徒然草

つれづれなるままに、日々の見聞など、あれこれと書き綴って・・・。

映画「ソルト」―大胆不敵なスパイアクション―

2010-08-09 11:15:00 | 映画
社会派フィリップ・ノイス監督の、スパイ映画だ。
一種の空しさをも感じさせるハードボイルド・・・、凄まじい女スパイ(?!)の活躍を描いたエンターテインメントだ。
冷戦時代に存在したとされる、エリート・スパイ養成所の伝説をもとにしたサスペンスで、主演のアンジェリーナ・ジョリーは、この主人公役のために、身体を絞り、撮影には、ケガまで負うほどの過酷なアクションに挑戦している。

イブリン・ソルト(アンジェリーナ・ジョリー)は、米中央情報局(CIA)の工作員だ。
北朝鮮で逮捕されるが、人質交換で帰国する。
・・・その2年後、ロシアから初老の亡命者がCIAに送られてくる。
彼は、スパイ養成機関の教官を名乗り、何十年も前にアメリカに潜入させた、ソルトという名前のスパイがいることを打ち明ける・・・。

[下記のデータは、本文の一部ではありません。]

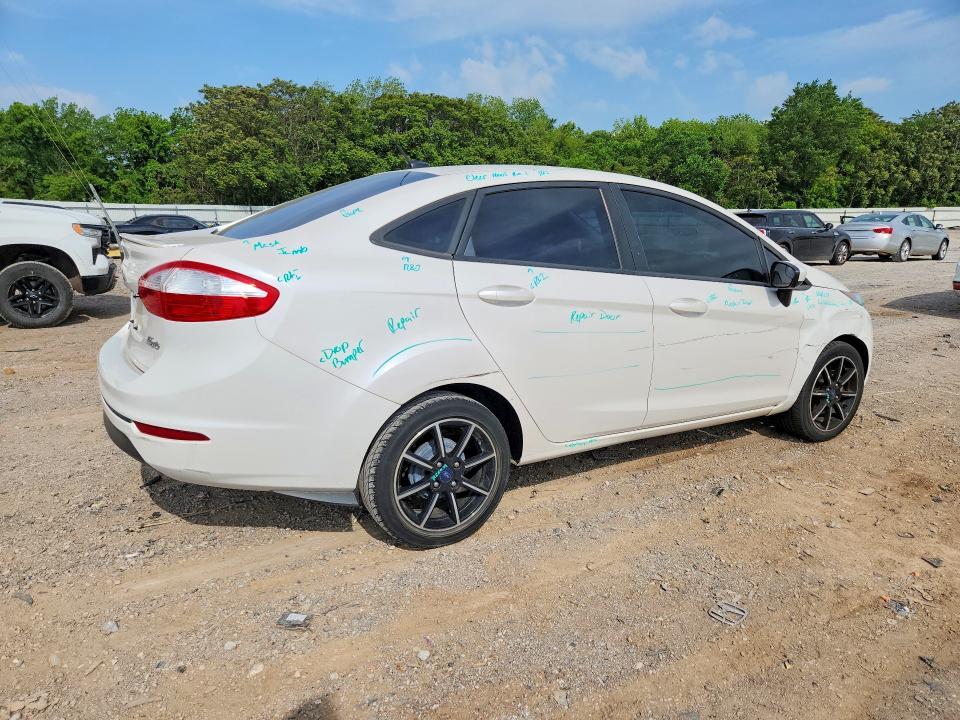 2016 Ford Fiesta se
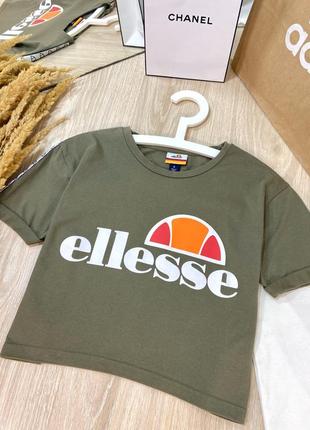 Топ з лампасами від ellesse, оригінал🐍4 фото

ソルトは、旧ソ連の国家保安委員会(KGB)で、少女期から特訓を受けたエリート情報部員だった。
彼女は、並外れた工作能力を持ち、ロシア大統領の暗殺まで首謀し、さらに巨大で危険な計画にかかわっていくのだ。
その同姓同名のソルトに、二重スパイの嫌疑がかけられるというのだから、話はややこしい。

ロシアのスパイだという疑いをかけられ、一転CIAから追われる身となったソルトは、「私はハメられた」と、身の潔白を主張しつつ、自分に張りめぐらされた包囲網をすり抜けて逃亡する。
この逃亡者ヒロインの超人ぶりは、もうハチャメチャだ。
大型トレーラーの屋根に次々と飛び移り、ヘリコプターからハドソン川に飛び込むなど、飛んで、殴って、撃って、撃って、撃ちまくるという、ハードアクションの連続である。
血みどろの顔で、手錠を嵌めたままで、黒幕らしき相手との格闘が続くのだから、次に何が起こるのか予測もできないし、とにかく全く目を離せない。

アンジェリーナ・ジョリーの、目をカッと見開いて、頬をそぎ落としたクールな無表情が、凄みたっぷりだ。
冷酷に、非情に、彼女の前に現れる人間たちを、手当たり次第に始末(?!)していく。
そこには陰惨な裏切りがあり、殺しの連鎖が続く。
女性スパイとCIA分析官の、二つの顔が、あたかも観客までも欺くかのように――

善なのか悪なのか。
それさえもよくわからない、ミステリアスさである。
映画では、一見正体不明の女を演じながら、ストーリーは二転三転し、観客を翻弄する。
アクションシーン満載、彼女の多彩な変装も見ものだ。
フィリップ・ノイス監督アメリカ映画「ソルトは、もちろんドラマはフィクションだから、かなりな無理筋もあるし、度肝を抜くような無茶苦茶な設定も、この作品には許されるか。
この夏の酷暑を吹き飛ばすには、うってつけの娯楽映画である。